DATA:
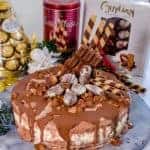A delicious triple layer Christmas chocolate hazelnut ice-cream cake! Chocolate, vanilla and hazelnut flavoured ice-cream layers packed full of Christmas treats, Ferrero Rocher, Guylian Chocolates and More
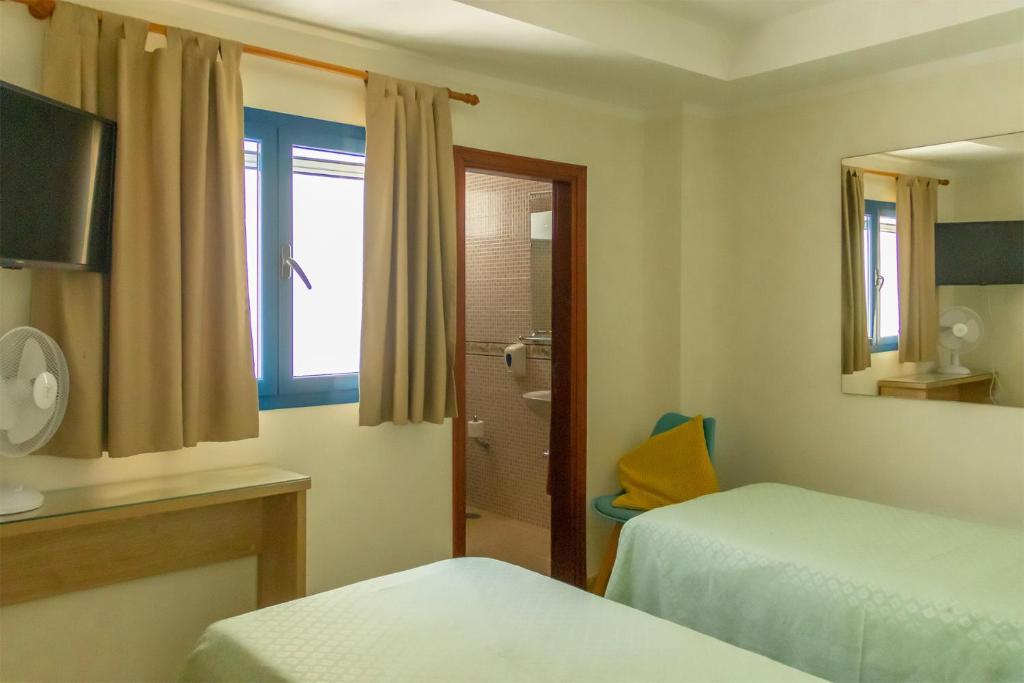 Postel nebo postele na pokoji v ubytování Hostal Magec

---

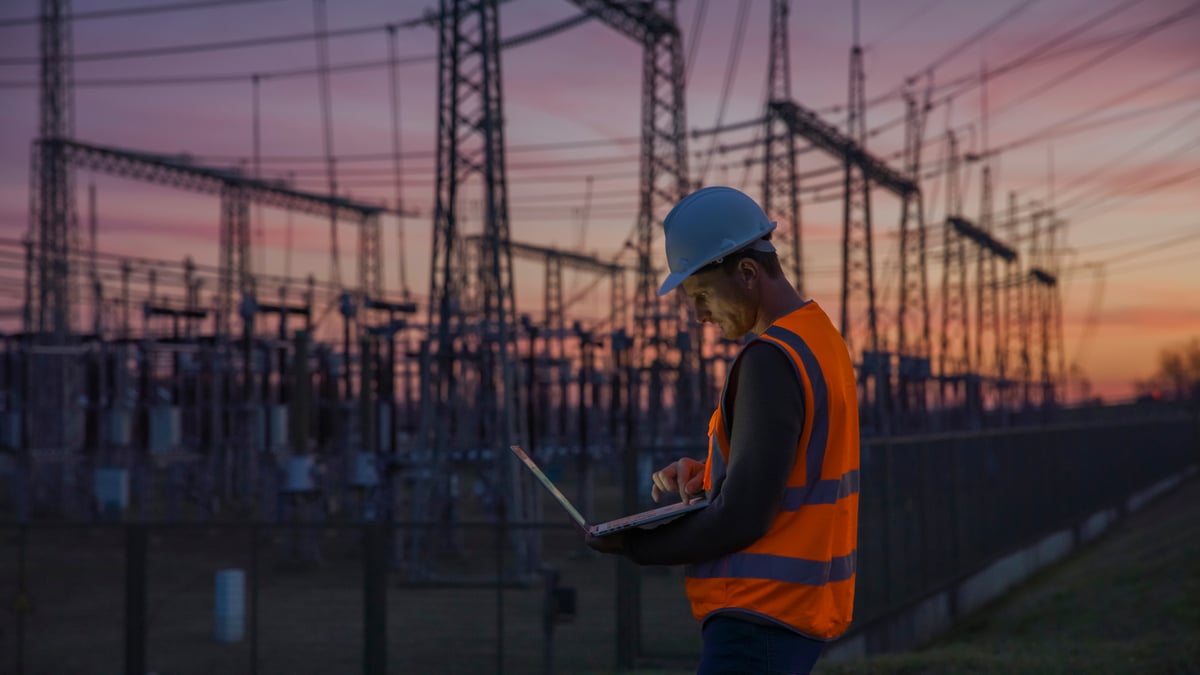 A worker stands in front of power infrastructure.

--

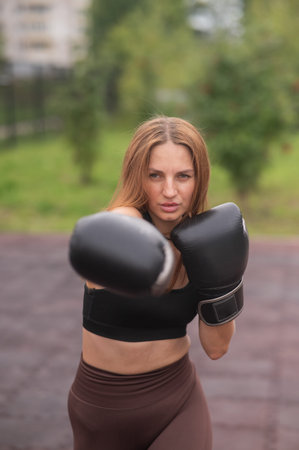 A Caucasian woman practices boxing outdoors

ASSIGNMENT: Pictures are to be left out. Write out only the lines above starting at the one with "A delicious triple" and ending at the one with "Postel nebo postele", both lines included, exactly.

SOLUTION FOR THIS PROBLEM:
A delicious triple layer Christmas chocolate hazelnut ice-cream cake! Chocolate, vanilla and hazelnut flavoured ice-cream layers packed full of Christmas treats, Ferrero Rocher, Guylian Chocolates and More
 Postel nebo postele na pokoji v ubytování Hostal Magec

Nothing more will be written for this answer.